Nio was able to increase its electric vehicle shipments in August versus July. However, competitors Li Auto and Xpeng saw a sharp drop in deliveries. Electric vehicle players are still facing supply chain disruptions due to the resurgence of COVID in China as well as weak consumer demand due to the difficult economic environment in the country.
Publishing in the future | Publishing in the future | Getty Images
Inventories of Chinese electric car makers Nio, Li Auto and Xpeng tumbled Thursday after the latter two companies reported sharp declines in vehicle deliveries in August.
Here are the August delivery numbers for the three companies:
- Lee Otto: 4,571 vehicles were delivered in August, down 56% compared to July’s count of 10,422 vehicles. This number is also down 51% year over year.
- Xpeng: 9,578 cars were delivered in August, down 16% compared to July’s count of 11,524 cars. However, this represents a 33% increase year over year.
- New10,677 vehicles were delivered in August, an increase of 6% compared to July’s number of 10,052 vehicles. That was also up 81.6% year over year.
Nio was the only company that grew month-over-month in August, but the US-listed shares of the EV company closed down 5%. Li Auto shares are down 3% while Xpeng shares are down more than 6%.
In morning trading on Friday, Hong Kong-listed Nio and Li Auto shares fell 0.6% and 0.3%, respectively. Xpeng shares in the city fell 2%.

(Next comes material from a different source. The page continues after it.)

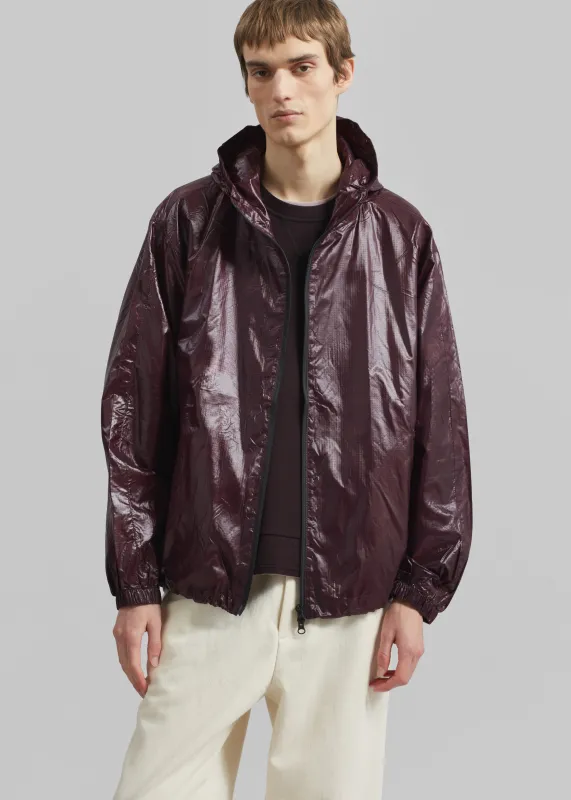 Risbury Glossed Hooded Jacket - Dark Plum made by Frankie Shop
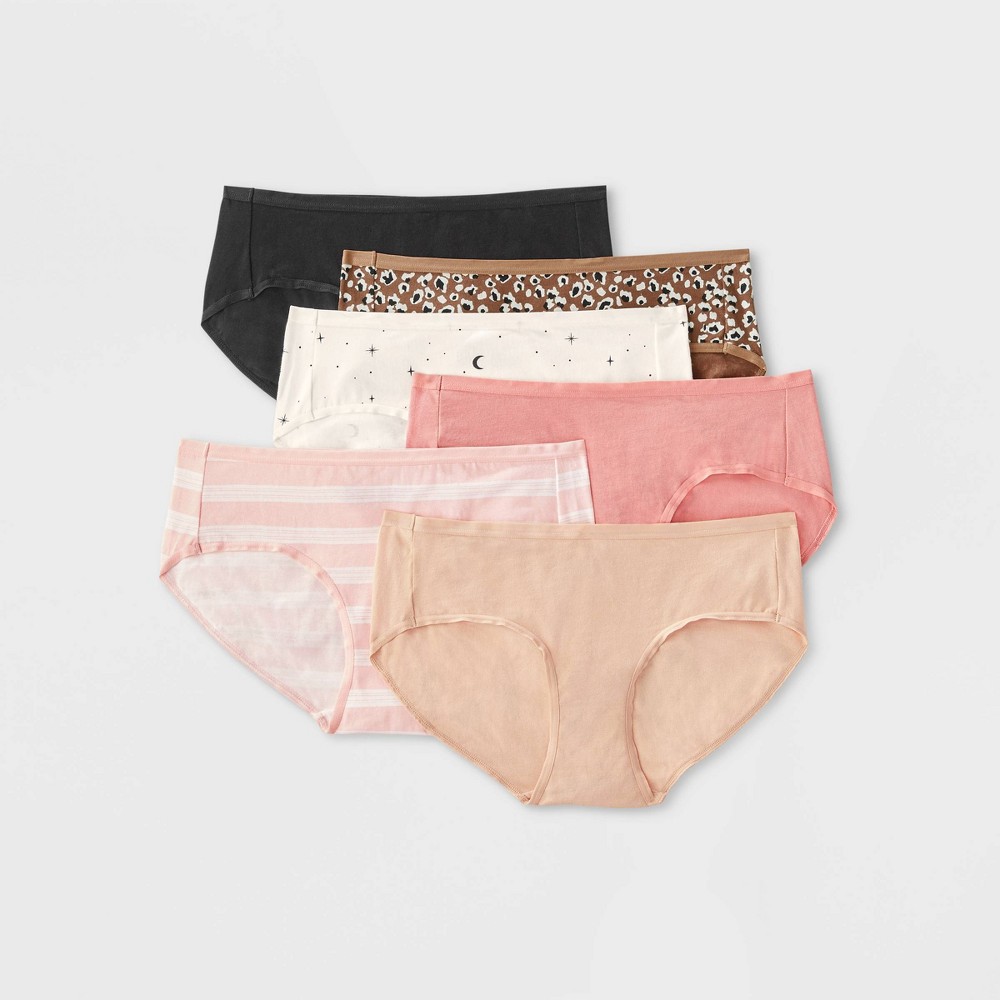 Women's 6pk Hipster Underwear - Auden™ Print MIx L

The Chinese economy faces a number of challenges, including the resurgence of Covid-19 that has seen major cities like Shanghai shut down. In the past few days, the China Tech Center in Shenzhen, imposed restrictions on Covid, and on Thursday, the mega-city of Chengdu was closed.
While some cities have reopened, consumer sentiment remains fragile and uncertainty reigns as a result of China’s “zero COVID” policy.
The world’s second largest economy is also facing an energy crisis affecting electric car charging stations. Last month, Tesla and Nio suspended some of their charging services.
These issues are filtered down to electric vehicle sales.
Bill Russo, chief executive of Shanghai-based Automobility, told CNBC that the numbers “reflect lingering supply chain issues as well as the fact that they are at the upper end of the price range and with the economy weakening, people are looking toward affordability and this is putting pressure on some of the higher models.” pricey.”
Last month, Xpeng said it expects to deliver between 29,000 and 31,000 electric vehicles in the third quarter of the year. This directive disappointed investors.
Xpeng President Brian Gu said the guidance reflects the fact that the industry is entering a “relatively slow season” and that shop traffic is less due to the Covid situation.
Yanan Xin, president of Li Auto, said in an earnings call last month that the Covid outbreak had “severely affected” the company’s supply chains, and that there were “disruptions and difficulties” remaining.
Shen also said there is a slowdown in demand for its flagship Li One sports car.
Li Auto started delivering its new L9 to customers at the end of August. The company said it plans to launch and deliver a large SUV called the Li L8 in early November. That could affect Li One’s sales, according to Russo.
“Li has launched major new products with L9 and L8 which also affects consumer demand for Li One. When new products appear, the demand for old model is often affected,” said Russo.
To stimulate demand, China said last month it would extend the tax credit for new energy vehicle purchases until the end of 2023.
The competition continues to heat up in the electric vehicle market in China. Along with the new Li Auto vehicles, Xpeng plans to start deliveries of its new G9 SUV in October and launch two new vehicles next year.